Célia Vaz, violonista e arranjadora que trabalhou muito com Rosinha até o derrame que a levou ao coma em 1992, também se lembra do gosto da amiga pelo universo interiorano.

- Ela ligava e dizia: “Oi, minha colega de viola...” — diz Célia, arranjadora no disco do irônico blues “Pro amor de Amsterdam”, cantada pelo parceiro de Rosinha nesta música, Martinho da Vila, uma das provas do universo estético muito mais abrangente de sua música. — A Rosinha tinha, além de tudo, muito humor. Uma vez nós fizemos um show no Parque da Catacumba, acompanhadas pelas cordas da orquestra do Teatro Municipal. Fizemos uma “Asa branca” com arranjo dela para cordas, imitando teclado. Os teclados não imitam cordas o tempo todo, ela me disse. Então agora, as cordas vão imitar teclados. O arranjo se chamou “A vingança das cordas”.

Outro exemplo da abrangência estética de Rosinha para além de sua origem interiorana é sua relação com o samba. Ela não apenas tocou por muitos anos com Martinho da Vila como mantinha uma relação diária de amizade com sambistas como Dona Ivone Lara.

— Rosinha me ligava no fim da tarde e falava: “Vai aqui, comadre, comer um torresmo”. Eu ia, e a gente ficava cantando, ela me pedia para mostrar as novidades — diz Dona Ivone.

Numa dessas tardes, aliás, querendo que Bethânia conhecesse as músicas de Dona Ivone, Rosinha organizou um sarau.

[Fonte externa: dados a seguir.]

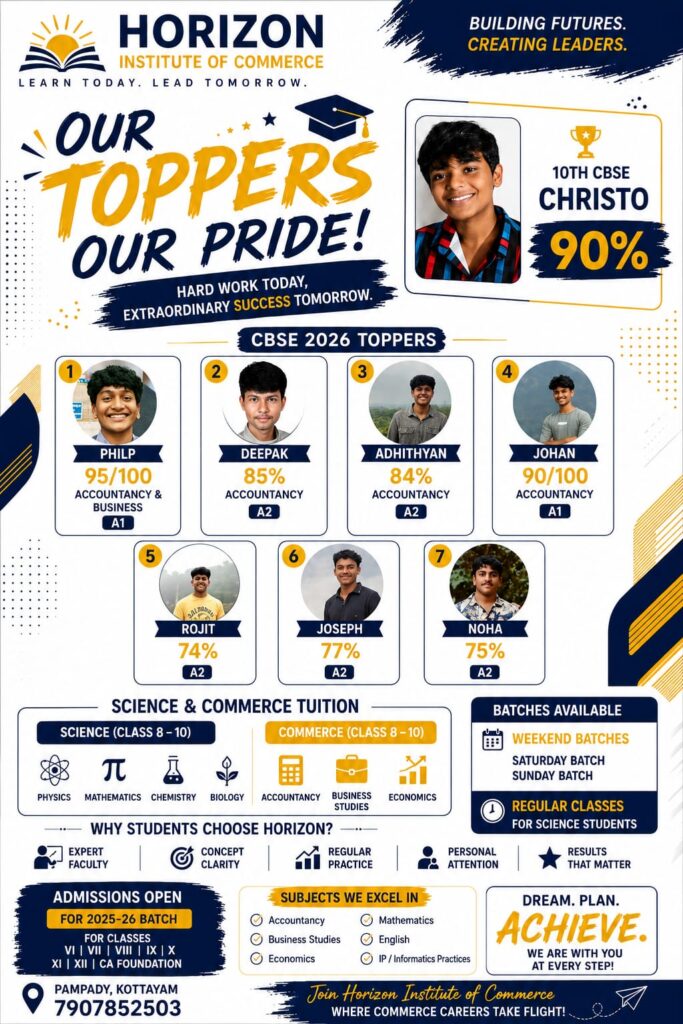 CBSE 2026 Toppers Horizon Institute of Commerce Pampady Kottayam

Dona Ivone cantou e cantou até que, enquanto já ia embora, cantarolava uma que terminara de compor com o parceiro Délcio Carvalho.

— Eu falei para Dona Ivone: “espera aí” — ri Bethânia, que conhecia ali, na casa de Rosinha, “Sonho meu”, um de seus maiores sucessos que em “Namorando a rosa” regrava com a autora, em homenagem à madrinha da gravação original.

Dona Ivone versou especialmente para Rosinha

Para a regravação, a pedido de Bethânia, Dona Ivone versou em homenagem a Rosinha. “Rosa, só me deste alegria/Ouvindo seu violão/Dia, noite, noite e dia/Cantar pra mim foi privilégio/Ao som de sua viola/Que me anima e consola/A sua ausência me entristece/Mas guardo como lembrança/Seu sorriso e harmonia”, canta, como que resumindo o sentimento que norteou Bethânia e os outros artistas de não fazer algo triste ou saudoso.

— Não poderia ser triste — diz Bethânia. — O violão de Rosinha era sensual, tinha humor e chegava a ser viril.

A virilidade (e juventude) do violão de Rosinha está representada no não menos vigoroso violão de Yamandú Costa, que, ao lado do magnífico Trio Madeira Brasil, toca “Rosinha, essa menina”, choro dedicado a Rosinha, feito por Paulinho da Viola em 1976.

No disco, o universo estético de Rosinha ganha duas homenagens distintas: o mundo clássico vem com Turíbio Santos, que compôs especialmente o “Prelúdio da Rosa”; a vanguarda com Hermeto Pascoal e sua “Mais uma Rosa”.

— Eu os chamei para tocar e eles quiseram compor especialmente — orgulha-se Bethânia.

Mas para Bethânia, como em seus últimos trabalhos, sobretudo “Brasileirinho”, o que a guia é o universo interiorano.

— A cada dia que passa vou para um mundo assim, longe daqui — diz, apontando para a cidade, ou canta no disco, com Caetano, em homenagem a Rosinha uma moda baiana chamada “Pescaria”: “Espero o dia amanhecer/Pego a viola e faço um ponteado/Sentado na beira do rio/Com viola e violão afinados”.